- **Supplied records**
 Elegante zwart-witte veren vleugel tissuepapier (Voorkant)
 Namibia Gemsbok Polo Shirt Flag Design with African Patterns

==

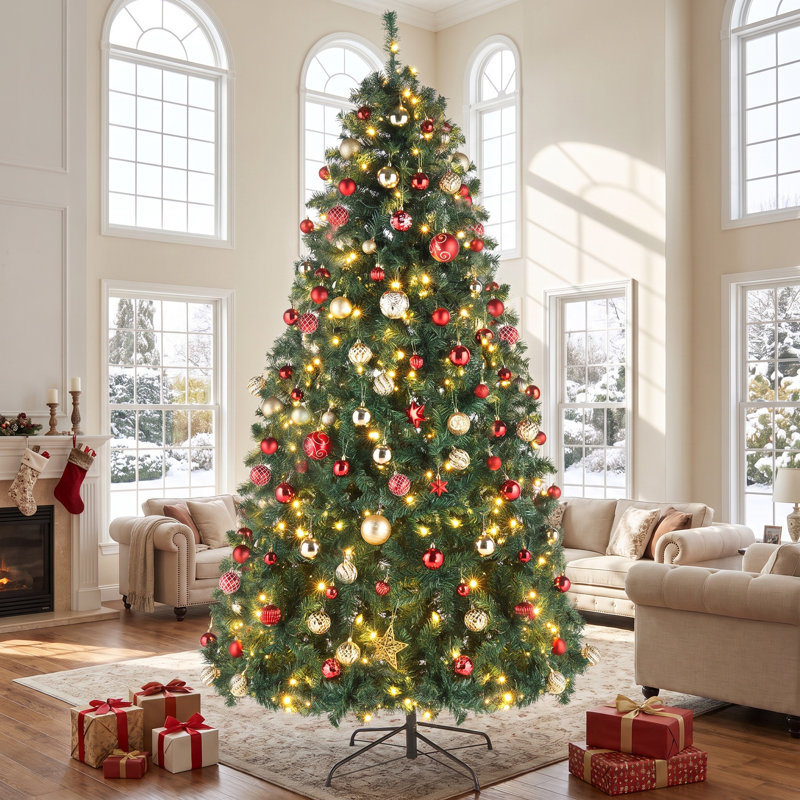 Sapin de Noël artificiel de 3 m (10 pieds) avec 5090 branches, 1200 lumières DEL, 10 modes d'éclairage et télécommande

* * *

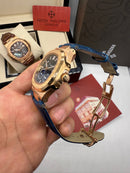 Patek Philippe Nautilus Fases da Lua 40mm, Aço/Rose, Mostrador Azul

- **Task item**
With the line holding "Elegante zwart-witte veren" as the first and the line holding "Namibia Gemsbok Polo" as the last, set down that range of the entries above exactly, and nothing else.

- **Answer section**
 Elegante zwart-witte veren vleugel tissuepapier (Voorkant)
 Namibia Gemsbok Polo Shirt Flag Design with African Patterns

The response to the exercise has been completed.